Les Garçons de l'été

Les Garçons de l'été

Ray BRADBURY
FLAMMARION
264pp - 20,00 €

Bifrost n° 72

Critique parue en octobre 2013 dans Bifrost n° 72

Vingt-cinq nouvelles, dix-huit déjà publiées et sept inédites. Très peu de science-fiction, un peu de fantastique, beaucoup de poésie. Voilà le programme de ce recueil nostalgique placé sous le signe du temps qui passe, du regard doux-amer sur le passé. Un écrivain plus tout jeune, Ray Bradbury, se penche sur les liens entre les générations, les regards que chacune peut porter sur l’autre, l’envie de revivre ce qui a disparu, de revoir ceux qui ne sont plus. Sans perdre son ironie parfois mordante, ni cette tristesse ténue et omniprésente de celui qui a vécu beaucoup et voit disparaître un monde.

Dans « La Rentrée » ou dans « Après le bal », des anciens, comme l’on dit pudiquement de nos jours, recouvrent la jeunesse, en pensée ou en réalité… Dans « In memoriam », un père évoque son fils disparu, par l’entremise d’un panier de basket. Dans « Tête-à-tête », c’est une femme qui peut, grâce à une trouvaille originale, continuer à converser avec son mari mort depuis peu. Enfin, dans « Entre-temps », un homme se voit à plusieurs moments de son existence lors d’une soirée, se redécouvre enfant, jeune marié, passionné.

La nostalgie est présente dans la plupart des nouvelles, même dans « La Grande tournée d’Adieu de Laurel et Hardy sur Alpha du Centaure », l’un des rares textes de SF de ce recueil. Les fantômes de ces grands acteurs sont convoqués numériquement pour redonner le moral aux hommes isolés dans différentes bases spatiales. Ou dans « L’accumulateur F. Scott / Tolstoï / Achab », quand une machine à remonter le temps permet au narrateur d’essayer de sauver de leur funeste destin quelques grands noms de la littérature.
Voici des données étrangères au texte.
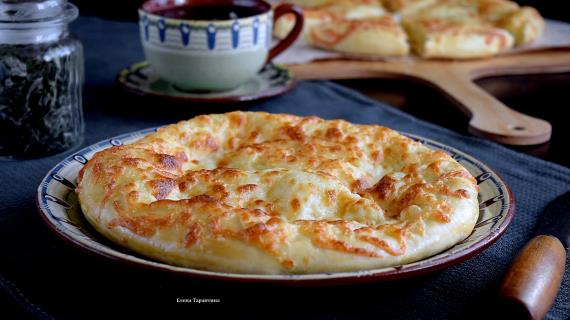 Хачапури по-мегрельски с сыром в духовке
Mais Ray Bradbury se laisse aussi parfois guider par les mots, les phrases, les idées, dans des nouvelles fantasques, folles… peut-être pas tant que ça, malgré tout. « L’Ennemi dans le blé » met en scène un homme qui s’imagine une bombe tombée dans son champ de blé sans exploser. Sa vie serait en danger permanent. Une façon pour lui de donner un peu de piment à son existence trop morne, trop terne. Avec « Le Grillon du foyer », une surveillance inexpliquée d’un couple sans histoire par le FBI amène un peu de piment dans une existence bien réglée, sans plus de passion : elle est l’occasion de revivre un peu, avant de tomber à nouveau dans le train-train fade du quotidien. Dans « Le Dragon danse à minuit », une critique amusée de certains réalisateurs d’avant-garde, Ray Bradbury met en scène un producteur de cinéma raté. Mais un jour, sa fortune est faite grâce à un projectionniste saoul qui mélange les bobines du film et crée malgré lui un chef-d’œuvre…

Ray Bradbury dit de lui-même qu’il a « essuyé un véritable déluge de métaphores ». Cela illustre bien l’amour des mots et des idées du bonhomme. On le sent prêt à noter une phrase sur un bout de nappe en papier pour en faire une nouvelle le soir même, de retour chez lui. Bien sûr, les résultats sont inégaux. Toutes les intuitions ne se valent pas. Certains textes restent légèrement abscons, comme « One-woman show » ou « Là où règne le vide, on se déplace comme on veut ». Mais ce recueil est une agréable balade, comme un bonbon sucré à l’arrière-goût acidulé, promenade dans laquelle il serait dommage de ne pas se laisser entraîner.